Previously, I created an article Text classification by Recurrent Convolutional NN and wrote the code to classify text by R-CNN which is not an image.
At this time, I wrote that "x-axis fixed convolution is not possible with covolution_2d", but in reality, the same convolution method as the processing for images (applying a filter while moving in the x and y directions) But the performance seems to come out. There was a person who actually implemented Chainer by that method.
It is possible to create a large two-dimensional vector by connecting word embedding vectors as they are in word order, and use it to learn a classifier, but due to the nature of text, its size depends on the length of the sentence. Therefore, in the previous implementation, the maximum length of all sentences is measured once, fixed to that size (0 padding if necessary), and processed.
This is one way to do this, but by using Spatial Pyramid Pooling for the pooling layer, you can turn any length input into a fixed length vector.
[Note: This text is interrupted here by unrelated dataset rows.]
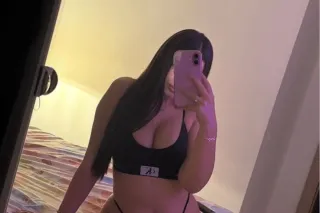 😈Hot new Latina in town 🍆👅 - Image 2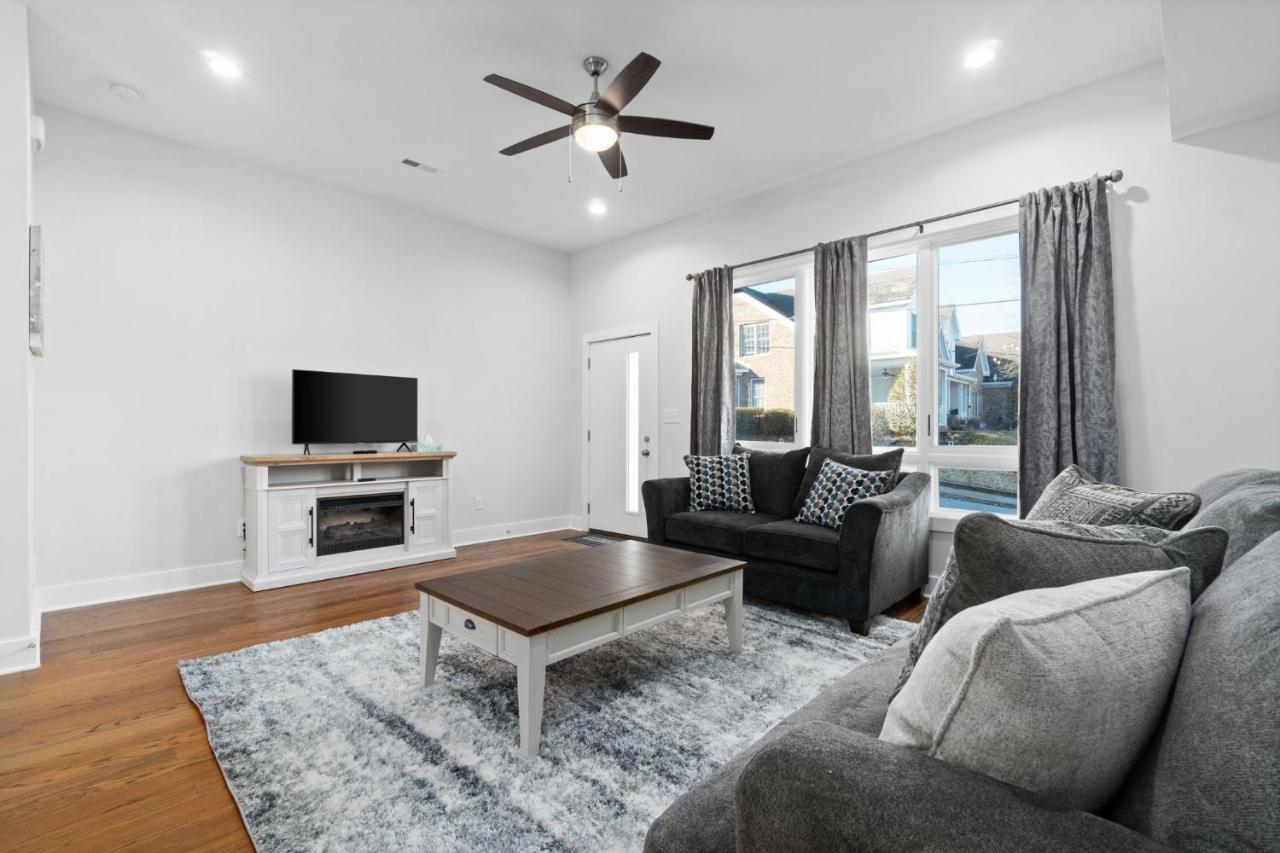 Rebecca'S Downtown Luxury Living Villa Clarksville Exterior photo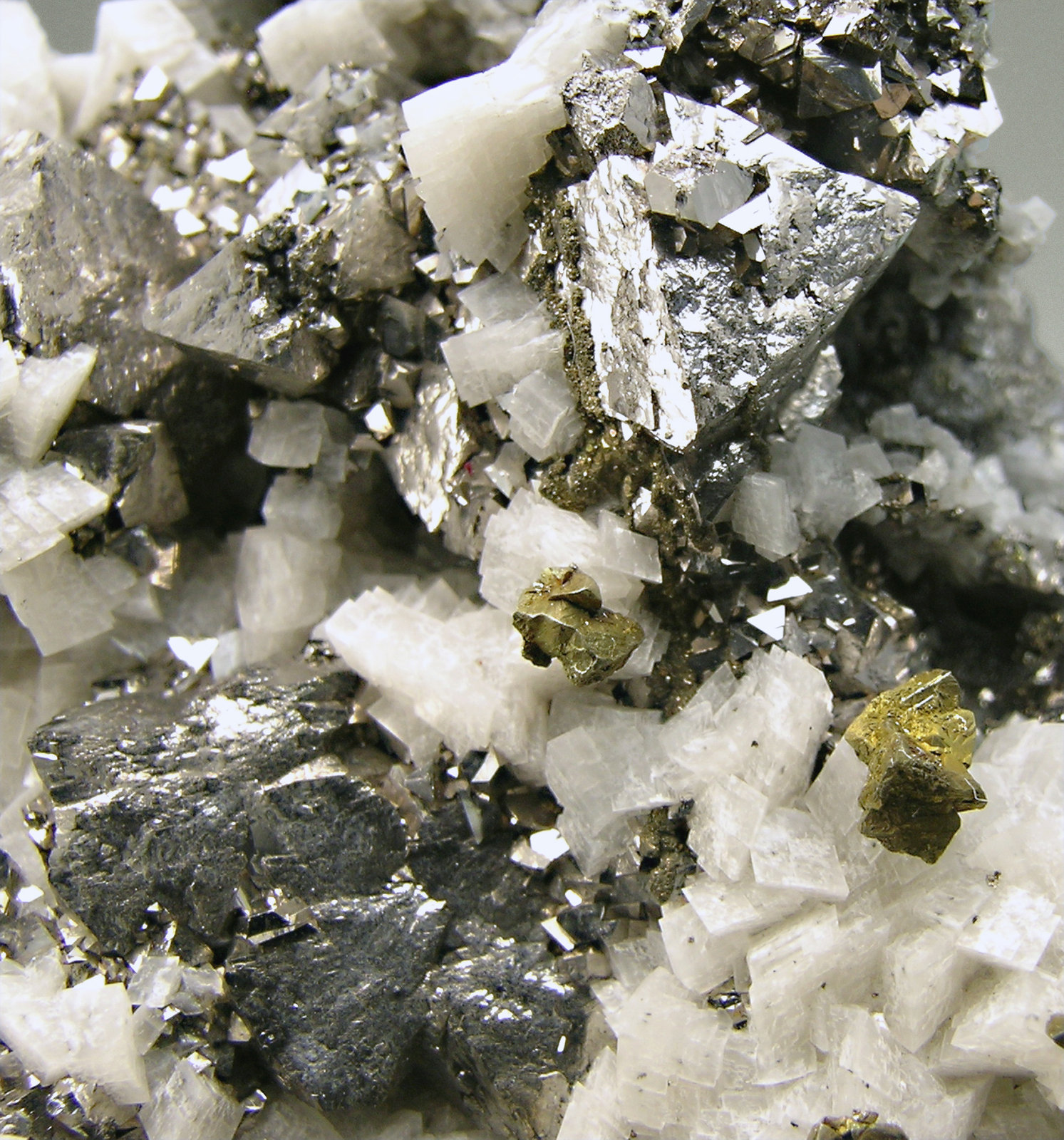 specimens/s_imagesM4/Siegenite-AC13M4d.jpg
By using this, you can create a model that accepts variable length input. Since it is implemented as a spatial_pyramid_pooling_2d function in Chainer, replace max_pooling_2d with this and combine the number of units in the middle FC layer with the output of SPP to complete.
def __call__(self, x):
h1 = F.spatial_pyramid_pooling_2d(F.relu(self.conv1(x)), 2, F.MaxPooling2D) # max_pooling_Replace with 2d
h2 = F.dropout(F.relu(self.l1(h1)))
y = self.l2(h2)
return y
The test accuracy is about the same as the original (around 75%).